Input: (3, [1, 2, 3, 4, 5])

Expected Output: [0, 1, 2, 0, 1]

Explanation: Round-robin fills the three empty columns first (indices 0,1,2), then index 0 (total 1) is smallest, then index 1 (total 2).

Input: (1, [5, 3, 8])

Expected Output: [0, 0, 0]

Explanation: With a single column, every post goes to index 0.

Input: (4, [])

Expected Output: []

Explanation: No posts to place, so the result is empty regardless of k.

Input: (2, [10, 10, 10, 10])

Expected Output: [0, 1, 0, 1]

Explanation: Equal heights keep tie-breaking to the smaller index, alternating 0,1,0,1 as columns stay balanced.

Input: (3, [5, 5, 5])

Expected Output: [0, 1, 2]

Explanation: All columns start at 0; ties go to the smallest index, filling 0 then 1 then 2.

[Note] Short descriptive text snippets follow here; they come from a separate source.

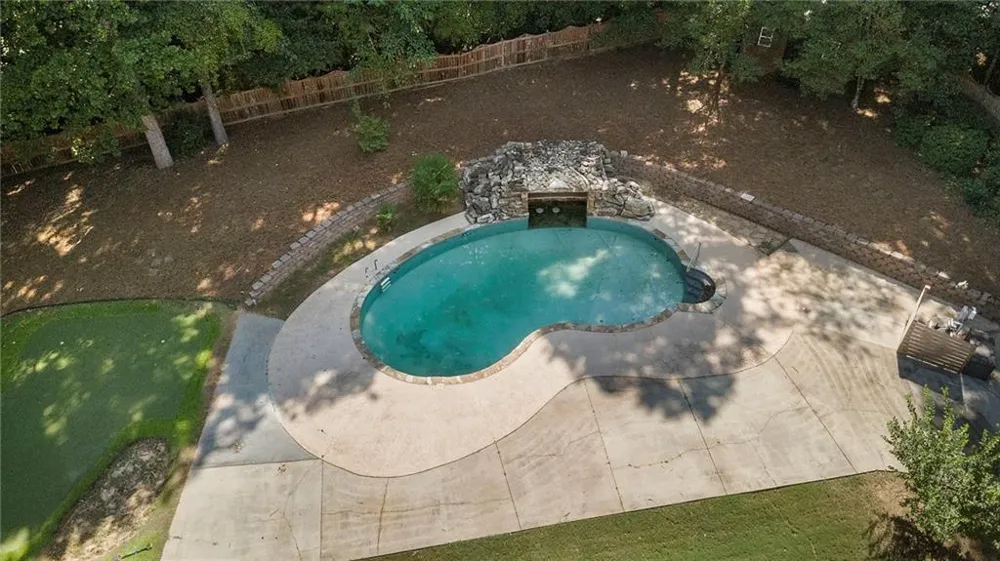 405 Island Cove Drive Newnan, GA 30263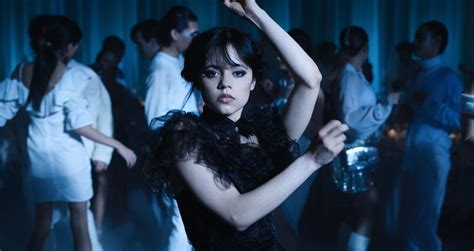 Netflix 'Wednesday' Review: Tim Burton Fails to Utilize Jenna Ortega's ...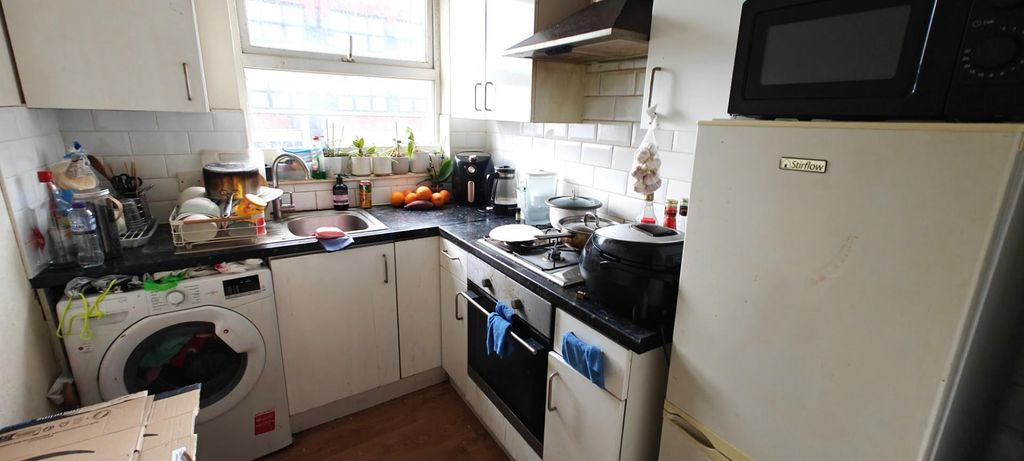 Property photo 2 of 10 Flat A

Input: (2, [1, 100, 1, 1, 1])

Expected Output: [0, 1, 0, 0, 0]

Explanation: After post 2 (h=100) lands in column 1, column 0 stays far lighter, so the remaining small posts all go to column 0.

Input: (5, [7])

Expected Output: [0]

Explanation: Single post with all columns empty picks the smallest index, 0.

Input: (3, [2, 1, 1, 1])

Expected Output: [0, 1, 2, 1]

Explanation: Posts 1-3 fill columns 0,1,2 (heights 2,1,1). The 4th post sees columns 1 and 2 tied at 1, so it picks the smaller index, 1.

Hints

You only ever need the column with the smallest current total height — a structure that supports fast extract-min is the natural fit. A binary min-heap gives O(log k) per operation.
Store each heap entry as a pair (currentHeight, columnIndex). Because tuples/pairs compare lexicographically, equal heights automatically break ties toward the smaller column index — no extra logic needed.
For each post: pop the minimum to learn the chosen column, record that index, then push the same column back with its height increased by the post's height.
Initialize the heap with all k columns at height 0 up front (heapify is O(k)), rather than inserting them one at a time.

Quick Overview

This question evaluates a candidate's competency in data structures (priority queues/min-heaps), online algorithm design for stream processing, and complexity and memory analysis.